Not possible by making /var a separate file system, you'd have to use quotas. Ostree owns /var, it must be a directory on rootfs at present.

with DOCKER_ROOT_VOLUME and overlayfs using that then all of /var/lib/docker would be taken care of. Please let me know if I'm wrong.

I prefer overlay2 and would like to see there be only one option so that we can have less confusion in the future. However, giving users the choice is nice as well. Maybe there is a way to achieve both on startup.

You could have two kickstarts: overlay2 and devicemapper, and each kickstart is specified using a GRUB menu entry on the installation media. The devicemapper case uses the existing kickstart and depends on the existing docker-storage-setup "use 40% of VG free space for a dm-thin pool"; the overlay2 kickstart would cause the installer to use all available space for rootfs, leaving no unused space in the VG.
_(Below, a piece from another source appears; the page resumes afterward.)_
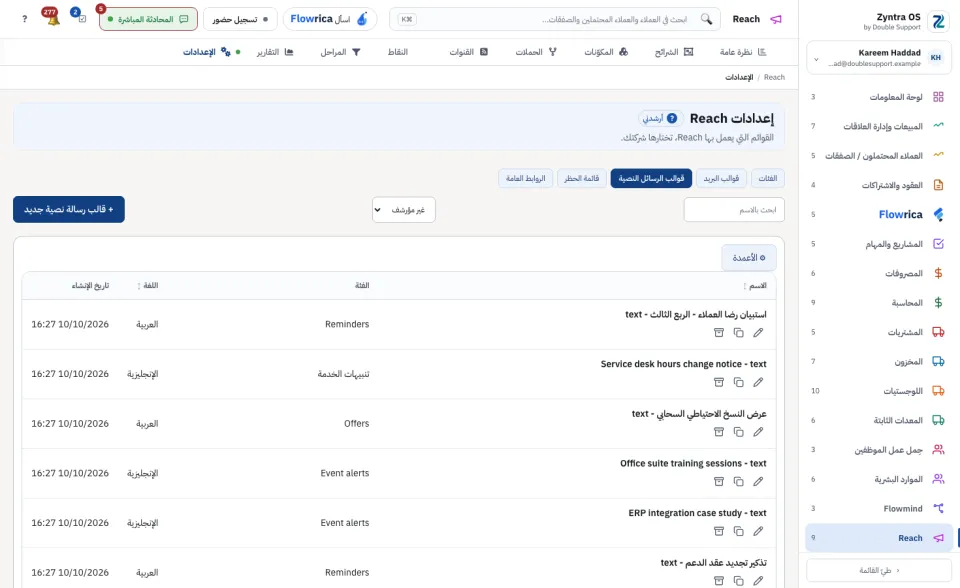 إعدادات Reach، قوالب الرسائل النصية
So I hardly ever use interactive installs, but that is a valid case. I would think most people would be using their own kickstart file if they are installing a server fresh and they would set up storage the way they want it to be set up, right? I tend to think more about the cloud use case where you spin up a preconfigured image. What I was referring to is having docker-storage-setup be able to make the switch for us. It turns out that we have the storage configured like this in the baked images (note this is before docker-storage-setup runs):

-bash-4.3# lsblk
NAME              MAJ:MIN RM  SIZE RO TYPE MOUNTPOINT
sdb                 8:16   0   10G  0 disk 
sdc                 8:32   0  368K  0 disk 
sda                 8:0    0   20G  0 disk 
├─sda2              8:2    0 19.7G  0 part 
│ └─atomicos-root 253:0    0    9G  0 lvm  /sysroot
└─sda1              8:1    0  300M  0 part /boot

This means we can essentially look at if the user provided overlay or DM and do whatever they asked.
- If they provided overlay then we can just extend the root partition and go on our merry way.
- If they also specified DOCKER_ROOT_VOLUME=yes then they want overlay on another partition, did they specify a partion? yes, use that one. no, create an LV.
- If they provided DM then create new LVs and set it up just like we have been doing before this discussion started.

And what happens if the user doesn't provide anything? That's the "defaults" case.

And what happens if the user doesn't provide anything? That's the "defaults" case.

This is the big question. We are essentially debating over if we should enable DOCKER_ROOT_VOLUME=yes by default or not.

And what happens if the user doesn't provide anything? That's the "defaults" case.

This is the big question. We are essentially debating over if we should enable DOCKER_ROOT_VOLUME=yes by default or not.

Right. And I think it is a good idea to enable it by default because that allows users switch back to devicemapper easily without having to add more disk space to VM.

dustymabe
with DOCKER_ROOT_VOLUME and overlayfs using that then all of /var/lib/docker would be taken care of. Please let me know if I'm wrong.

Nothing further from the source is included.